Instructions for the task :: Only the lines from the one with "Book yachts online" onward are wanted, through the last line of the entries, set down exactly.
Recorded data below:
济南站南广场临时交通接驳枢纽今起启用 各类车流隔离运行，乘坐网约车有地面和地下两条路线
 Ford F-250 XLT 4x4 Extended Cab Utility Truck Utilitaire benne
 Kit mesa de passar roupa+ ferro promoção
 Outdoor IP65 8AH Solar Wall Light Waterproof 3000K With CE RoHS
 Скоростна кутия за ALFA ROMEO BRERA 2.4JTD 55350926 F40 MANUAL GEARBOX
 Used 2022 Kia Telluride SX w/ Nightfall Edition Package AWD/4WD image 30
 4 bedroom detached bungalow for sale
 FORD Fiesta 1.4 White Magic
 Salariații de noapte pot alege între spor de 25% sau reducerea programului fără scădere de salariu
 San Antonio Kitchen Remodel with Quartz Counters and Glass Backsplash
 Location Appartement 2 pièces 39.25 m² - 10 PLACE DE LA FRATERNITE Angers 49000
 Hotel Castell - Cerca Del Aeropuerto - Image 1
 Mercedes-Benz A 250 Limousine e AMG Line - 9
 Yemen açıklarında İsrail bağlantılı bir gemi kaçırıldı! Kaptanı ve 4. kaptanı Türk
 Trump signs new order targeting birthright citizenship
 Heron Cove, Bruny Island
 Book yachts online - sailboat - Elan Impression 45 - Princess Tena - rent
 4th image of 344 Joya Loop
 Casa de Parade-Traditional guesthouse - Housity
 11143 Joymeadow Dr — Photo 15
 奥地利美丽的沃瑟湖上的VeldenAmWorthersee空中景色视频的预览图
End of Recorded data.
Output of the task ::
 Book yachts online - sailboat - Elan Impression 45 - Princess Tena - rent
 4th image of 344 Joya Loop
 Casa de Parade-Traditional guesthouse - Housity
 11143 Joymeadow Dr — Photo 15
 奥地利美丽的沃瑟湖上的VeldenAmWorthersee空中景色视频的预览图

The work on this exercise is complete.